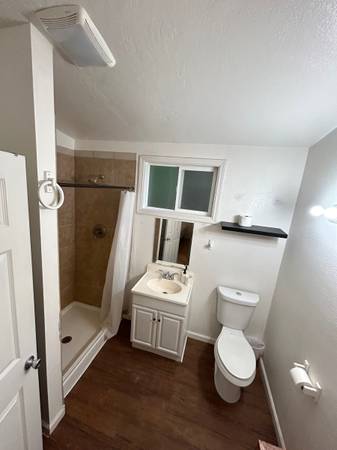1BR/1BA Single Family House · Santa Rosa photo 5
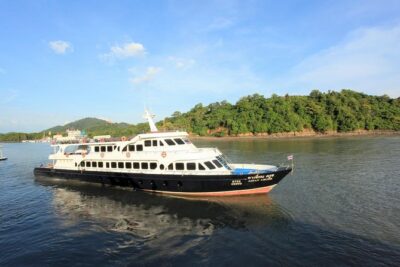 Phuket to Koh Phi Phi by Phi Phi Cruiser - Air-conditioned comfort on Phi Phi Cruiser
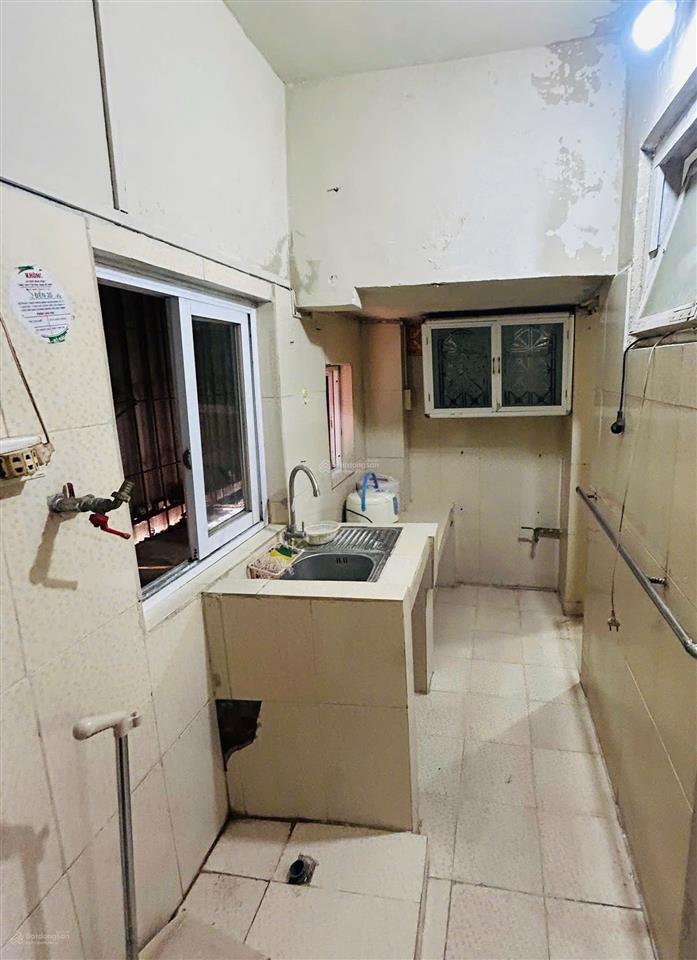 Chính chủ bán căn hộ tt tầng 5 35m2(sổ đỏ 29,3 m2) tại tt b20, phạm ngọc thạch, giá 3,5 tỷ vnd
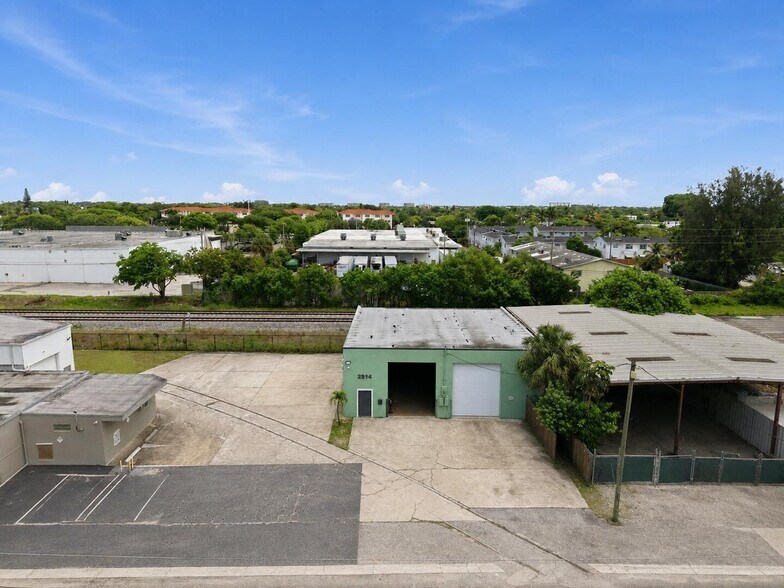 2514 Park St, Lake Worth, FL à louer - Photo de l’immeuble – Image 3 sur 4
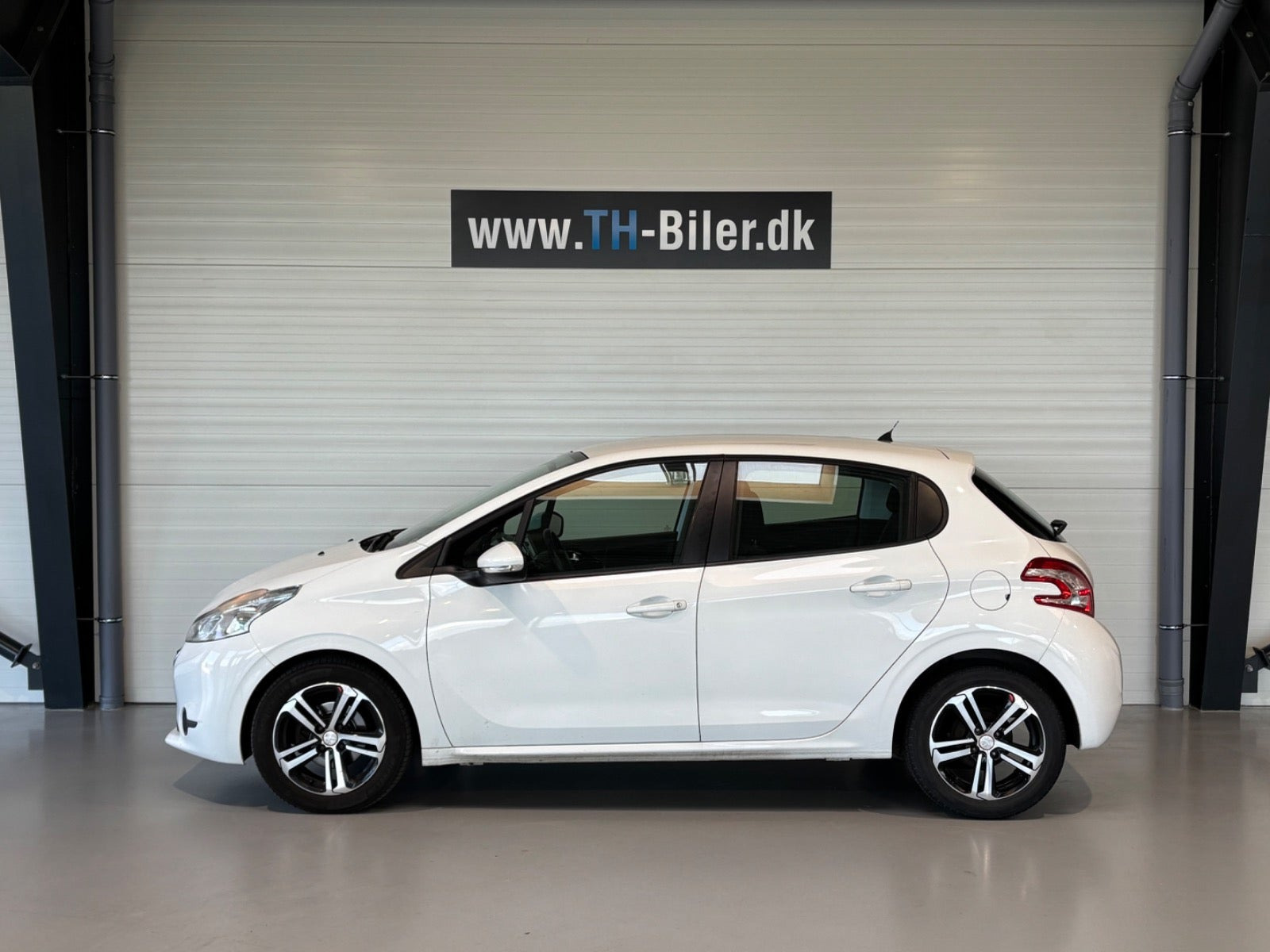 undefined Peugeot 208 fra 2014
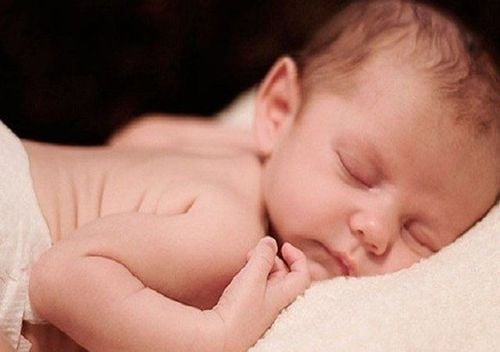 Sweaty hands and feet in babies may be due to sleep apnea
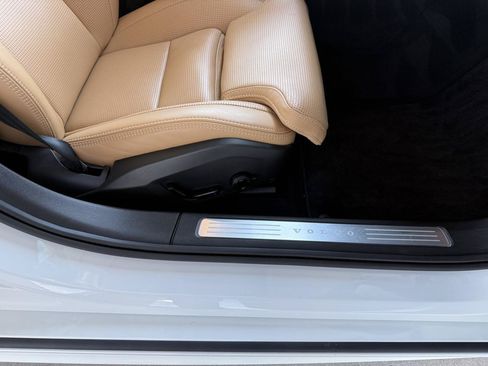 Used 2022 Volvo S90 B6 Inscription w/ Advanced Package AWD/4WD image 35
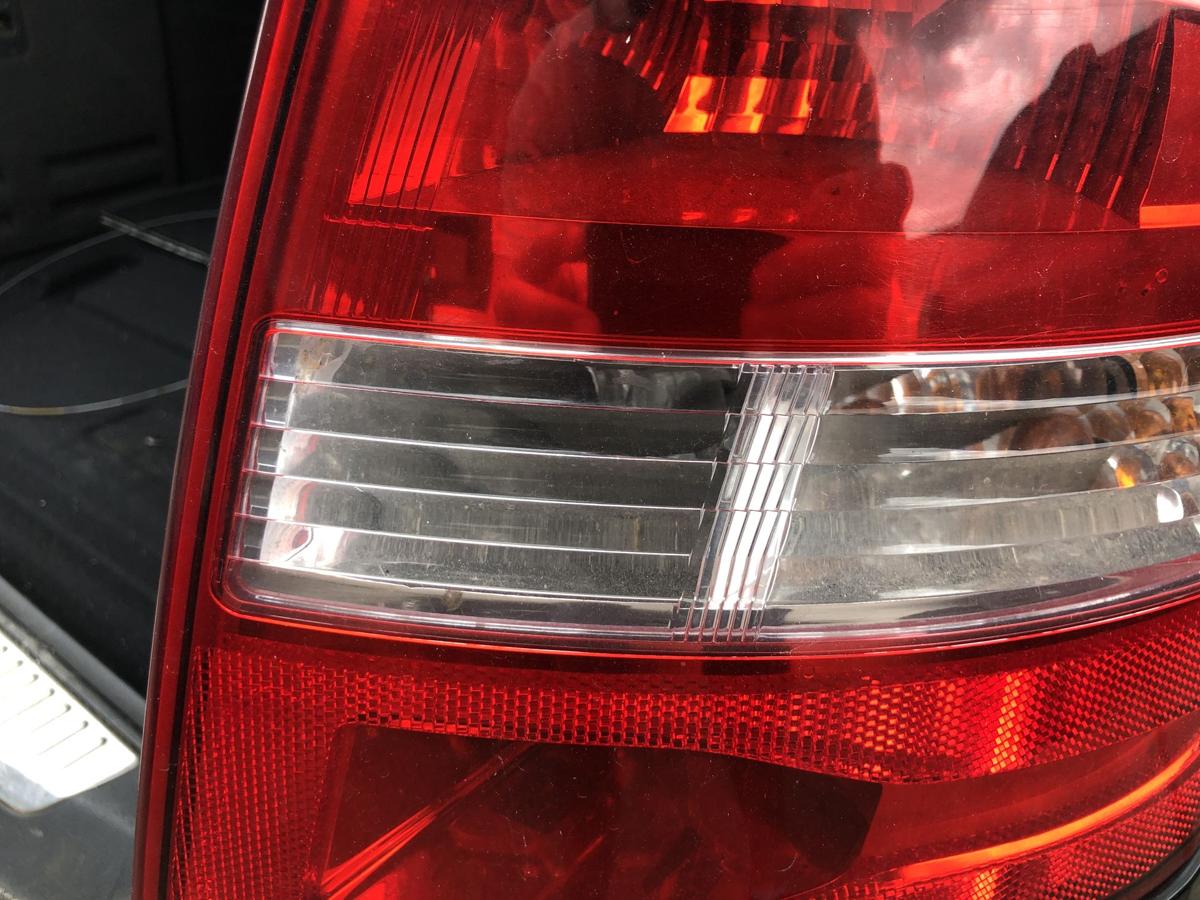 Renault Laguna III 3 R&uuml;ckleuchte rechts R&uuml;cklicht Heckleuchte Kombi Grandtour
========================================================================
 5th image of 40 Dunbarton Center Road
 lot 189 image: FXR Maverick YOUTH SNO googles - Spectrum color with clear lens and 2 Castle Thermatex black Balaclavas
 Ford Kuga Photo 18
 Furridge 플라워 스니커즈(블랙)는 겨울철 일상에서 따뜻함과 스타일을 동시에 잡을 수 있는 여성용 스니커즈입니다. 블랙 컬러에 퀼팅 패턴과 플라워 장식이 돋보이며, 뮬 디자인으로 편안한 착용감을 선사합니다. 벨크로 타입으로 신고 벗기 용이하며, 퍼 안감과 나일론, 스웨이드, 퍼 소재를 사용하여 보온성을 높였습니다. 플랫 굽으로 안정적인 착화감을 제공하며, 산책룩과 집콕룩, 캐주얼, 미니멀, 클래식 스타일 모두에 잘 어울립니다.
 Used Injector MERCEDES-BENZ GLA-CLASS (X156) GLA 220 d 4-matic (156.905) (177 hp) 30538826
========================================================================
• [Exercise brief]
Repeat exactly the lines above, from the line that contains "1BR/1BA Single Family" down through the line that contains "Used 2022 Volvo". Include both of those lines and none of the pictures.

• [Your response]
1BR/1BA Single Family House · Santa Rosa photo 5
 Phuket to Koh Phi Phi by Phi Phi Cruiser - Air-conditioned comfort on Phi Phi Cruiser
 Chính chủ bán căn hộ tt tầng 5 35m2(sổ đỏ 29,3 m2) tại tt b20, phạm ngọc thạch, giá 3,5 tỷ vnd
 2514 Park St, Lake Worth, FL à louer - Photo de l’immeuble – Image 3 sur 4
 undefined Peugeot 208 fra 2014
 Sweaty hands and feet in babies may be due to sleep apnea
 Used 2022 Volvo S90 B6 Inscription w/ Advanced Package AWD/4WD image 35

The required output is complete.